The Celtiberians differed from the Iberian proper, by several ways : This was a bellicist culture, making and a large place to weapons. The Celtiberian typical sword was by no means, similar to the Celtic one, beeing double-edged and tall. Their main shields were the Scutum. Their most popular helmets were the tall, pointed Halstatt models. But Unlike the Celts, they wore no trousers or "braca" but short sleeves similar to the later roman Femoralla. They were also given leather jackets and bronze plates or bronze scale armors instead of chainmail, which was lately adopted. Local iberian caetra had a strong inluence over western Lusitanians who used very large versions. Masks of war were also used by these populations. The Celtiberians allied themselves with Hamilcar Barca when he landed in southern spain in order to conquer a new empire after the loss of Sicilia and several other islands in the western mediterranean. From 236 to his death in 228 bc, he gained the Carthaginians an impressive territory, both by arms and diplomacy. The Celtiberians prove themselves truthful allies of his son Hannibal when he took command of the army and launched his campaign against Saguntum. They proved also their skills and courage, beeing probably the best mercenaries in Hannibal's army in Italy and even in Africa.

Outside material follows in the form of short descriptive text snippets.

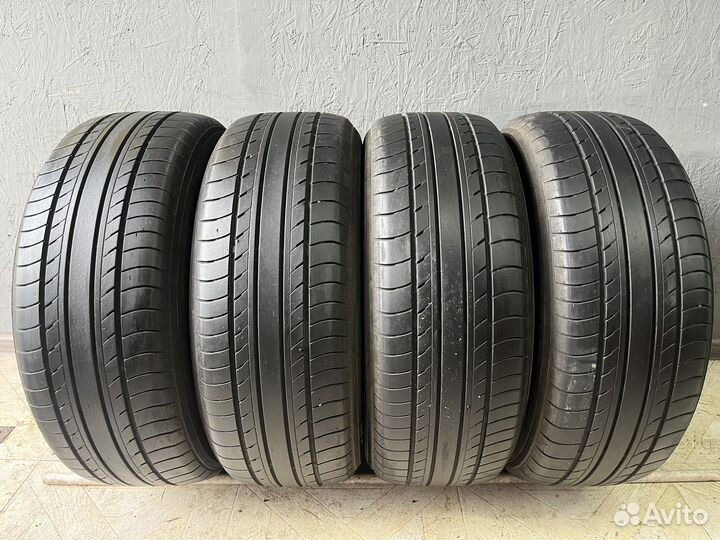 Yokohama dB Decibel E70N 215/55 R17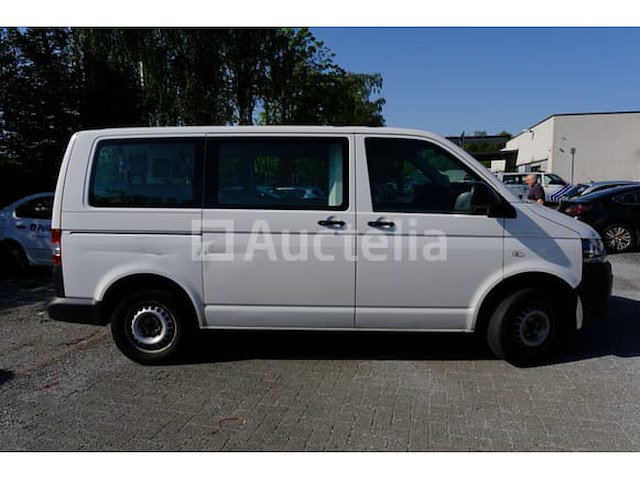 Volkswagen kombi (2015-230,008 km)(vin:wv2zzz7hzfh070386) - afbeelding 9 van  46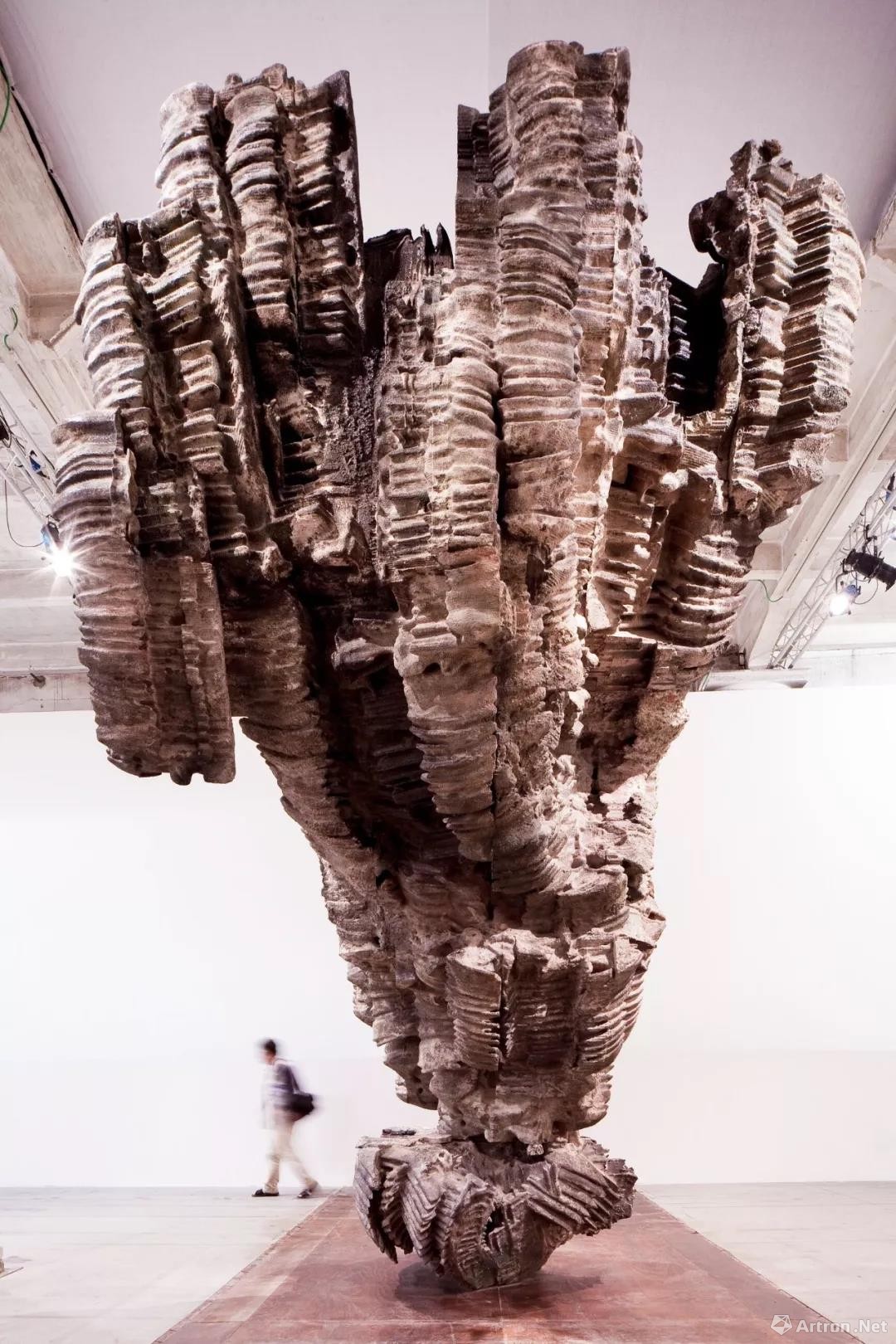 罗伯特·库奇作品于2017年威尼斯双年展意大利馆展出现场图片，©️罗伯特·库奇，摄影：Francesco Galli 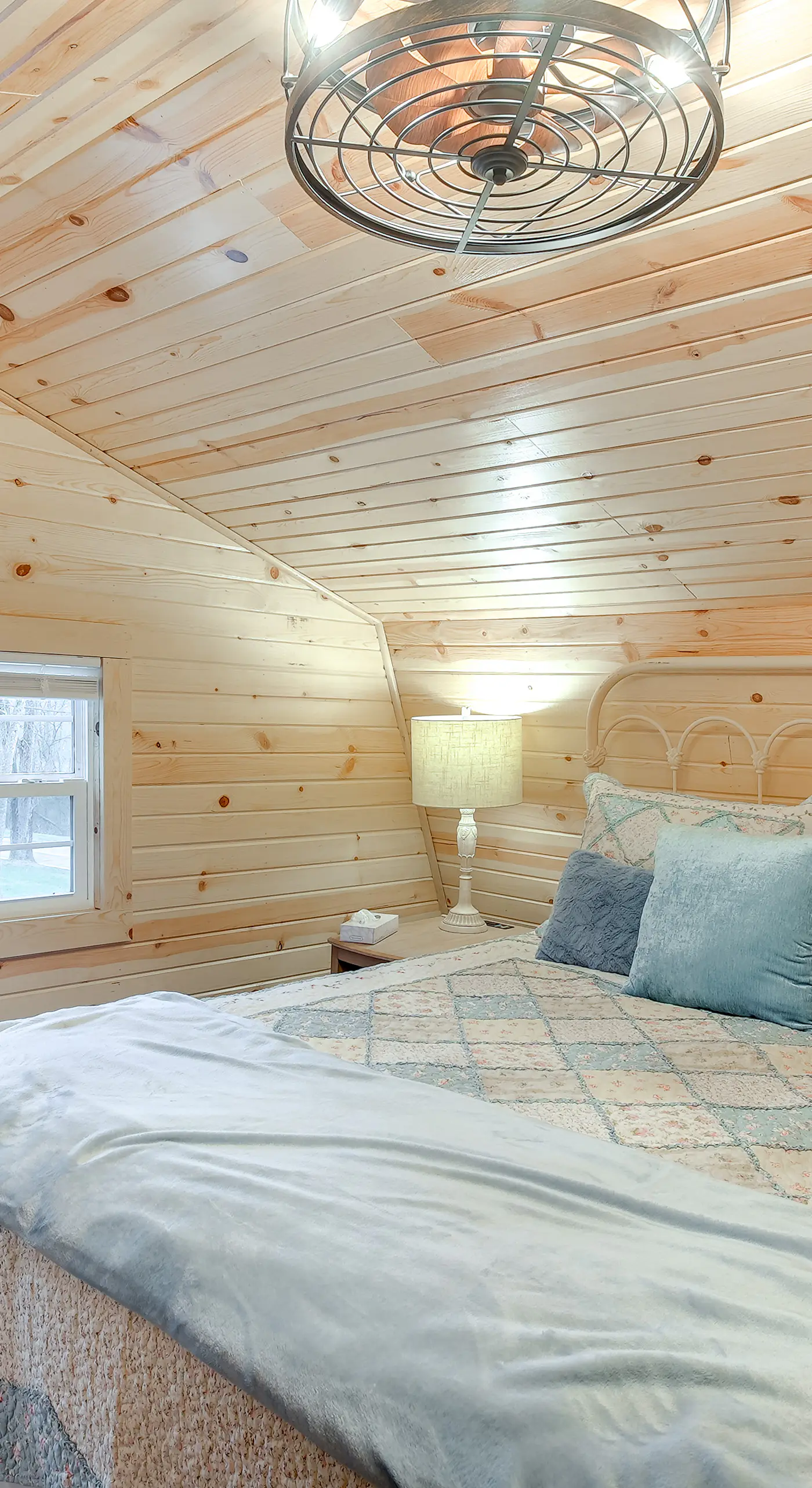 On 40 Acres: Charming Cabin in Zanesville!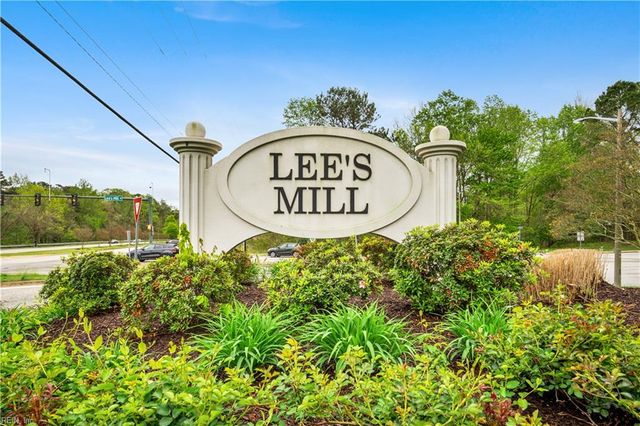349 Rivers Ridge CIR, Newport News, VA 23608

With their bellicose behaviour, mixed armaments and tactics, a territory protected on its only land frontier by a mountain ridge, rich and fertile lands, abundant with iron, the best in Europe, the Celtiberians are the best placed for an hegemony in the whole peninsula, over other iberians, fellow Lusitanians, Galicians and Asturians, to hold in respect the Gauls beyond the Pyrrhenees and in the south-east, the ever ambitious Carthaginians.